Folks, it's just clothing, not your weekly insulin shipment or even that long awaited, limited-production, heirloom-quality figurine, complete with a genuine, numbered certificate of authenticity with gold-colored seal prominently affixed.

And Peak? If that is indeed the nets answer to Reservoir Dogs then either the question was spoken in a language sadly beyond the listener or some grandiloquent typists really want to piss off Harvey Keitel. 

--Q, back to the netless wilderness.


----------



## BespokeMex (Nov 13, 2010)

Enough already!


----------



## a pine tree (Jun 20, 2010)

This is a fantastic thread. Quite the read.


----------



## hockeyinsider (May 8, 2006)

a pine tree said:


> This is a fantastic thread. Quite the read.
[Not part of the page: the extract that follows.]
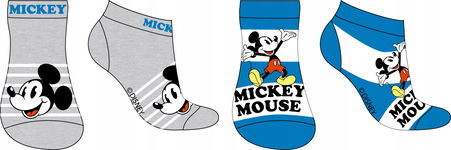 Myszka mickey skarpetki 2 pary bawełna rozmiar 27-30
It's unfortunate that some people feel the need to jump in and insult members of this forum for asking legitimate questions. I didn't think thugs were allowed to join.


----------



## MikeDT (Aug 22, 2009)

CuffDaddy said:


> Also involved, I suspect, are the cultural assumptions handed down through generations in some of these businesses. The bespoke world was historically the province of the "gentleman," meaning a man of means and of familial wealth. He is assumed to already possess, at any point in time, a fairly complete wardrobe and therefore to be in no great rush to obtain what is ultimately a luxury. *Many of the most famous Savile Row houses are renowned for having long wait times at the outset, and then for missing deadlines beyond the generous ones given. *
> 
> In a similar vein, particularly when it comes to bespoke tailoring, a certain amount of argument with one's tailor seems to be unavoidable. If you just accept that as part of the process - indeed, part of the fun - then the overall experience is more enjoyable.
> 
> Anyway, that's been my limited experience. Perseverance and patience are the best route to a first-rate result. The customer has to have a bit of backbone, but also some flexibility.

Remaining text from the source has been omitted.